Worth mentioning that on the other hand, some evaluation is useful for figuring out when a type is concrete (isconcretetype), so I don’t expect a macro working on a module to figure everything out itself, rather transform to code that does. I also imagine that checking many type definitions in a module or file should emit warnings or append to a log instead of error at the first type.
Rather the second one. If you construct a GoodType2 with, say, a x::Vector{AbstractFloat}, this is not a problem in the struct definition, and it can be fixed without redefining GoodType2 itself. On the other hand, if the type annotations or parameters are insufficient in struct GoodType2, there is nothing you can do but redefine it, and that is impossible for people who can’t modify the source code.
That would be very handy, but as @jonniedie said, having access to the AST (i.e. doing this when the struct definition is parsed) makes things much easier.
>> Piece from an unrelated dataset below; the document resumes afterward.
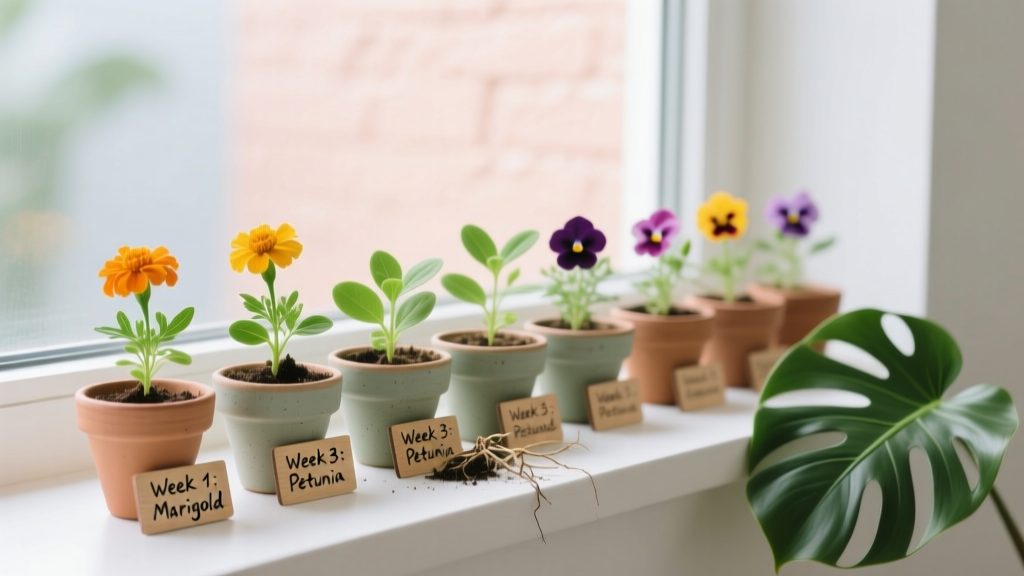 Tropical Flower Indoor Sowing Calendar (2026)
You would think that all it takes is checking fieldtypes for concreteness, but that’s not sufficient in the parametric case:
In this example you would have to check fieldtpes(A{Float64}) instead of fieldtypes(A). But in the general case, structs may have many type parameters, and it’s not obvious wihch combination should be checked for field concreteness. It’s not even obvious how to find a combination that is allowed by subtyping constraints (in the general case I suspect it’s NP-hard).
Yeah I still need to look at that to figure out how to handle the includes. It may not be perfect at first.